» **REQUIRED ACTION**
In the entries below, find the line with "Christian Dior, a" and the line with "People in a". Repeat exactly everything between them, those two lines included, but not the pictures.

» **RECORDS FOR THIS TASK**

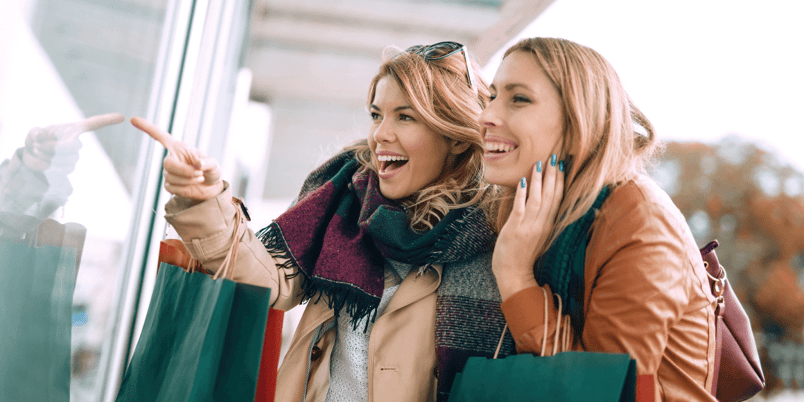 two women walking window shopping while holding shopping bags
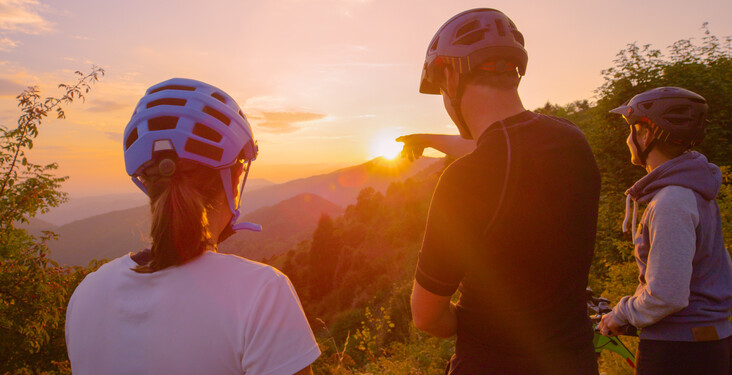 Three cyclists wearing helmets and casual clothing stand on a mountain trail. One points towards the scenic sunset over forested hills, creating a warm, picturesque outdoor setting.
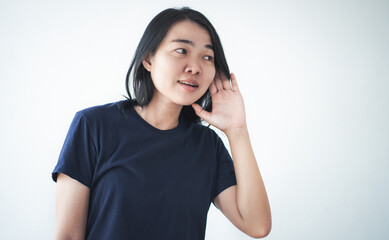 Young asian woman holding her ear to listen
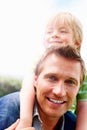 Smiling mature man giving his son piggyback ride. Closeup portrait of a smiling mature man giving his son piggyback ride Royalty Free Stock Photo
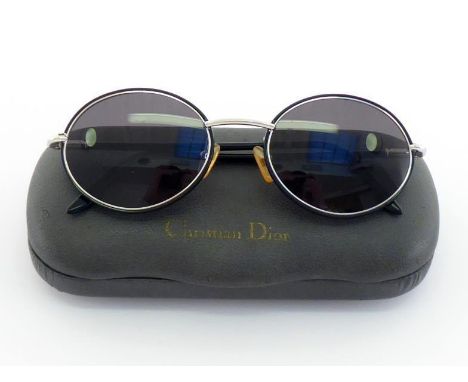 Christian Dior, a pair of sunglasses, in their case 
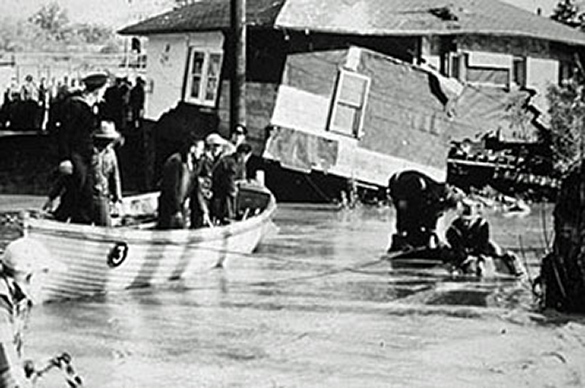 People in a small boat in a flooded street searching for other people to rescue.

* * *

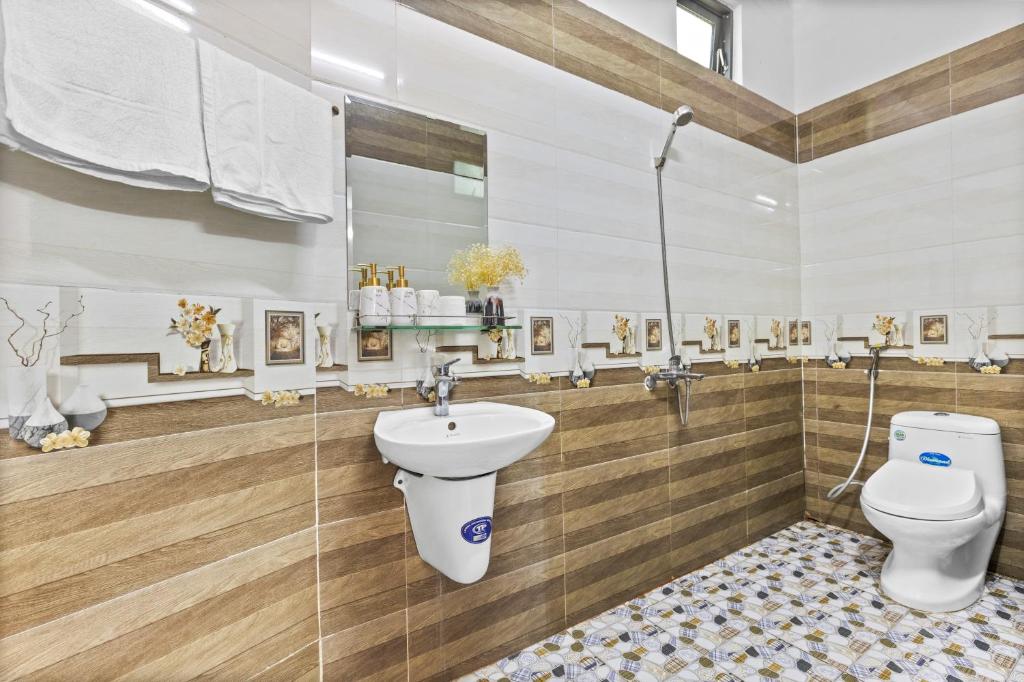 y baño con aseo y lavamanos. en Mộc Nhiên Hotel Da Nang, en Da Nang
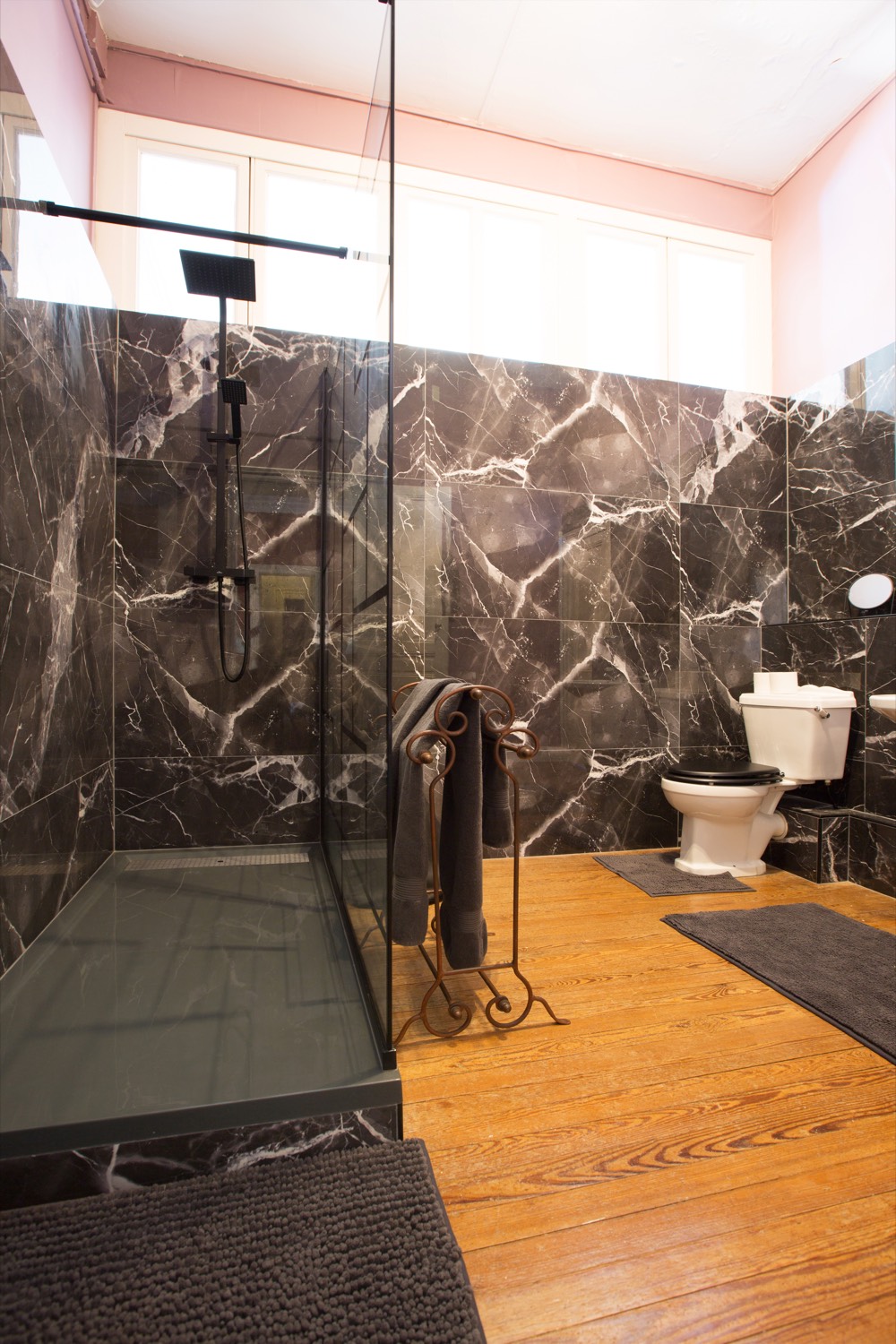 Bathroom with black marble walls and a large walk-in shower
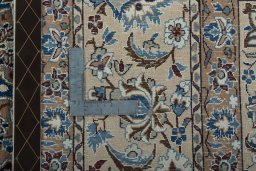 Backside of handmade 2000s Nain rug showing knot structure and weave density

--

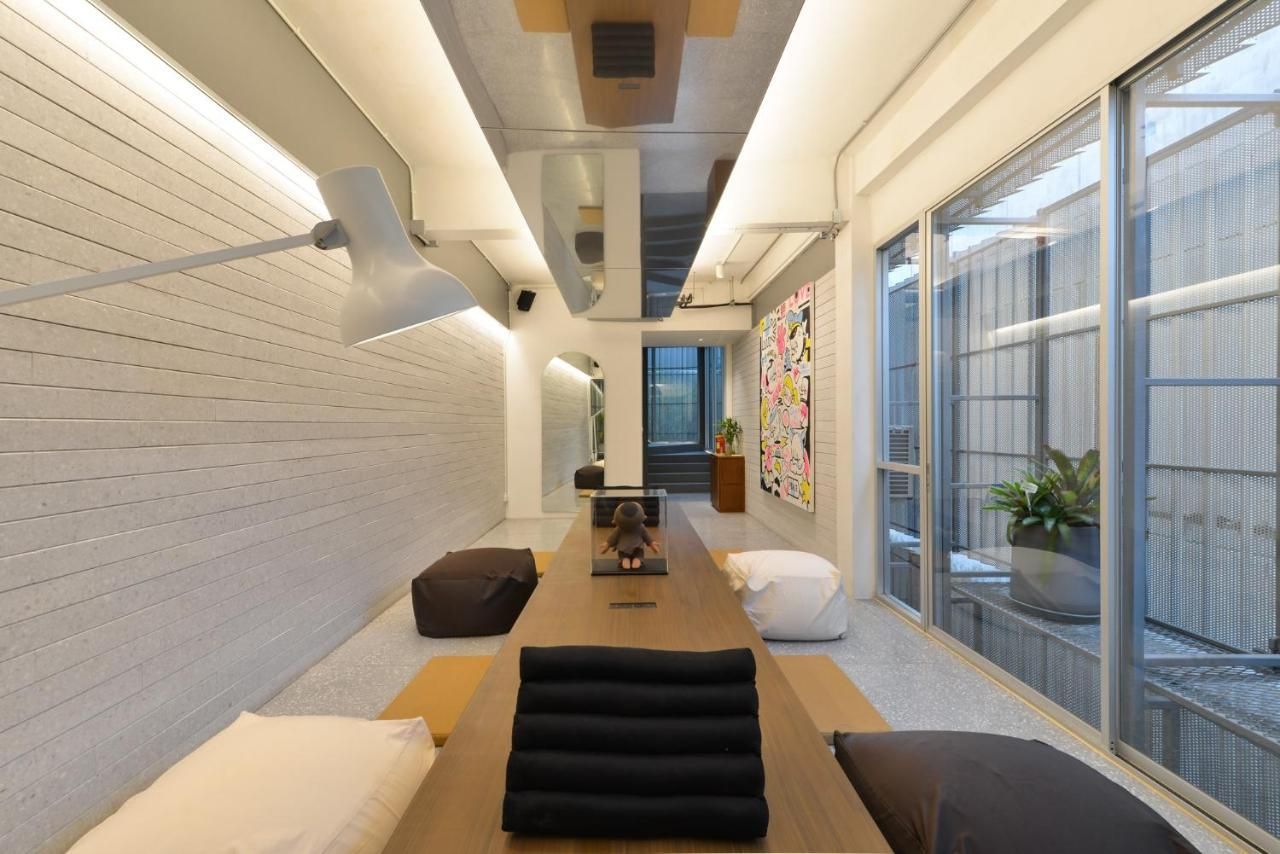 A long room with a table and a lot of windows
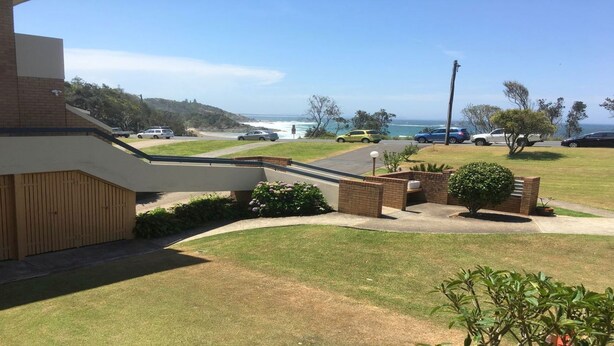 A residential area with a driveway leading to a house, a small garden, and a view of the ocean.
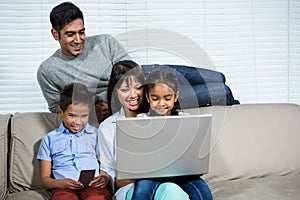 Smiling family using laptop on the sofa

» **ANSWER SPACE**
 Christian Dior, a pair of sunglasses, in their case 
 People in a small boat in a flooded street searching for other people to rescue.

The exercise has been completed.